Galileo-Galilei / kedro-pandera

A kedro plugin to use pandera in your kedro projects
https://kedro-pandera.readthedocs.io/en/latest/
Apache License 2.0
33 stars 5 forks source link

[QUESTION] Could integration with Ibis be supported? #88

Open galenseilis opened 1 week ago

galenseilis commented 1 week ago

Description

I am exploring using a combo of Ibis, Kedro, and Pandera if that's possible.

Context

With Ibis I could be writing more consistent dataframe code regardless of the backend (e.g. Polars, MSSQL, or PostgreSQL) while having faster performance than Pandas, and also solving the parametrization problem that comes with integrating Python and SQL. With Kedro I get consistent data science project structures. With Pandera I get dataframe data validation. Everyone that cares about those things will similarly benefit from Kedro-Pandera integration with Ibis.

I would like something highly similar to what I see in the Kedro-Pandera plugin's documentation, except to also support Ibis datasets.

Possible Implementation

I'm not currently familiar with the internals of the Kedro-Pandera, so my suggestion will be somewhat limited to that lack of understanding.

Because Kedro-Pandera is responsible for an integration of Kedro and Pandera, the implementation should depend on current behaviour Kedro, Pandera, and Ibis rather than modifying their behaviour.

I've noted that Pandera supports Polars in addition to Pandas, however Ibis has its own classes that I do not expect Pandera to have support for. Rather, the implementation could take advantage of the fact that the Ibis dataframe objects will have either of to_pandas or to_polars.

Here is a summary of the logic I have in mind:

Possible Alternatives

Another option is for me to have a Kedro pipeline for this type of validation instead. This would involve casting the Ibis table dataset to a polars dataframe myself, and loading the schema itself as a yaml Kedro dataset, and running the Pandera validator against the Polars dataset.

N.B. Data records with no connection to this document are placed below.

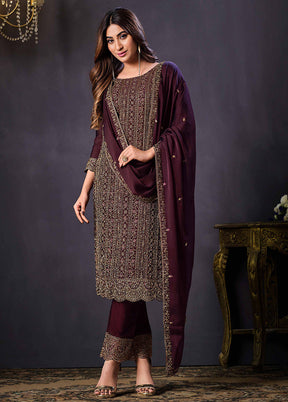 3 Pc Wine Semi Stitched Georgette Suit Set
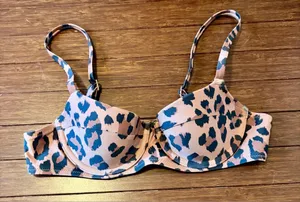 Aerie Real Good light lined Underwire Leopard Print Bikini Top adjustable straps thumbnail 1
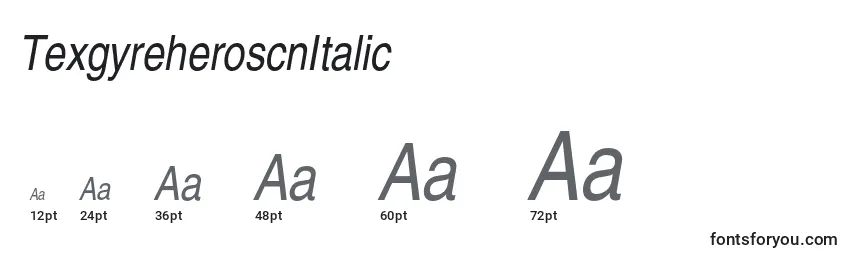 TexgyreheroscnItalic Font Sizes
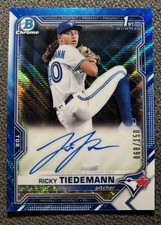 Topps 2021 Bowman Draft Ricky Tiedemann Blue Refractor Auto /150 Blue Jays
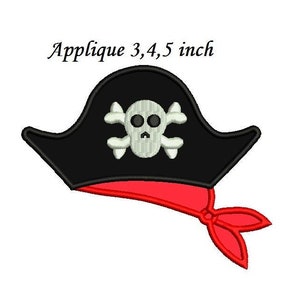Pirate Hat Applique Embroidery Design - 3 sizes Instant download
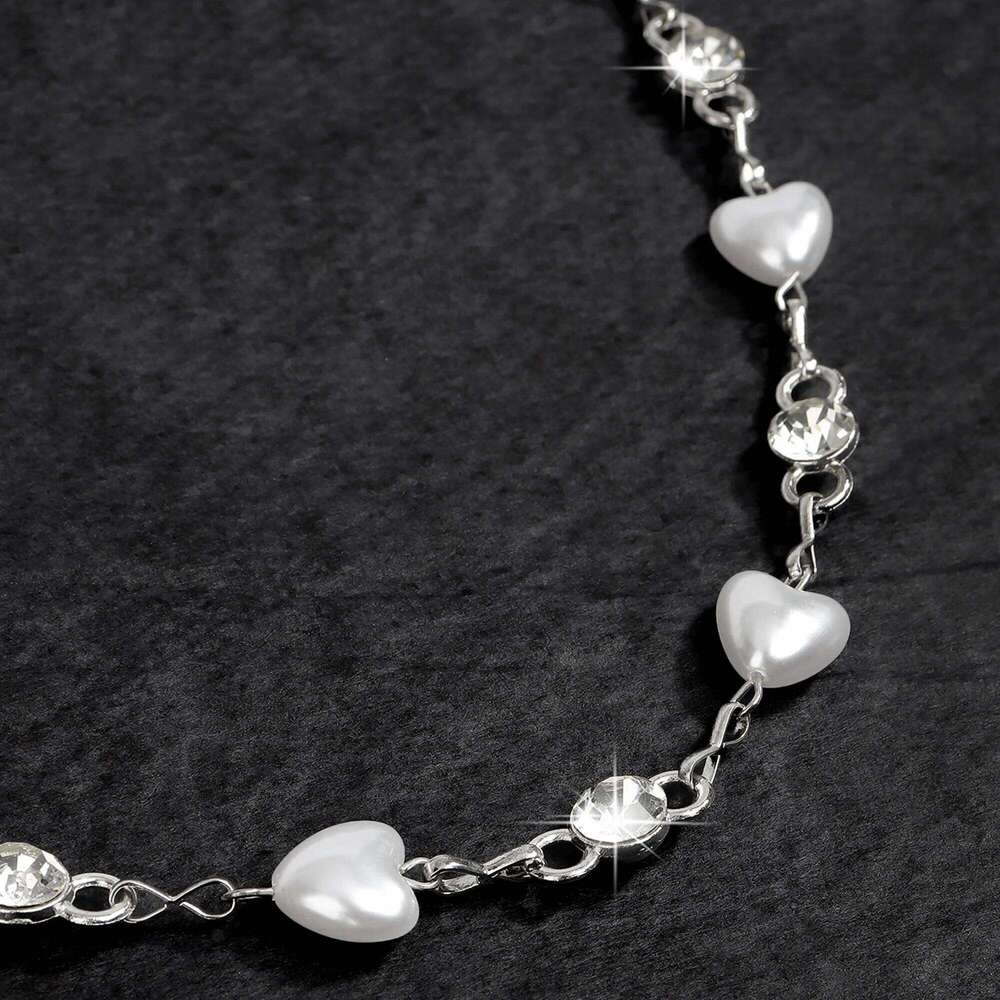 1pc Heart Shaped Rhinestone Metal Waist Chain Fashionable Unique Accessory for Dresses Versatile Dressy Belt X260209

Galileo-Galilei commented 1 week ago

This is definitely valuable and should be added to the roadmap.

TBH I have hard times recently to maintain the plugins, and kedro-pandera is quite inactive. I plan to resume working on it one day, but I can't provide a time when I will resume development of kedro-pandera.

I definitely will accept and release PR though.

noklam commented 1 week ago

Similar situation, I cannot take on any active development work but I can spare some time on PR review if someone is willing to spend time on this.

deepyaman commented 1 week ago

@galenseilis Thanks for linking this issue! I wasn't previously aware of it.

I would love to see Kedro + Ibis + Pandera working together as the core foundations of a composable Python-first analytics stack.

I've noted that Pandera supports Polars in addition to Pandas, however Ibis has its own classes that I do not expect Pandera to have support for. Rather, the implementation could take advantage of the fact that the Ibis dataframe objects will have either of to_pandas or to_polars.

I am actively working on supporting Ibis as a backend on Pandera, with the goal of at least getting it to parity with the Polars backend by the end of the year/early Q1 2025. I think the right way to support Ibis here would be to leverage that integration, rather than via conversion to Polars or pandas (although that could be an interim solution, if you're looking for something more immediate), because we want to be able to efficiently validate data on e.g. a database backend, too.

I will admit that I, too, haven't done much looking into Kedro-Pandera yet (I've just taken for granted that the integration exists). I'm pretty sure @datajoely also has some degree of interest in all of these working together.

Cc @cosmicBboy for visibility

cosmicBboy commented 1 week ago

+1 to the native ibis-pandera integration!

Of course dataframe conversion might be nice for convenience, but the first-class backend support is ideal for the performance and flexibility benefits of ibis.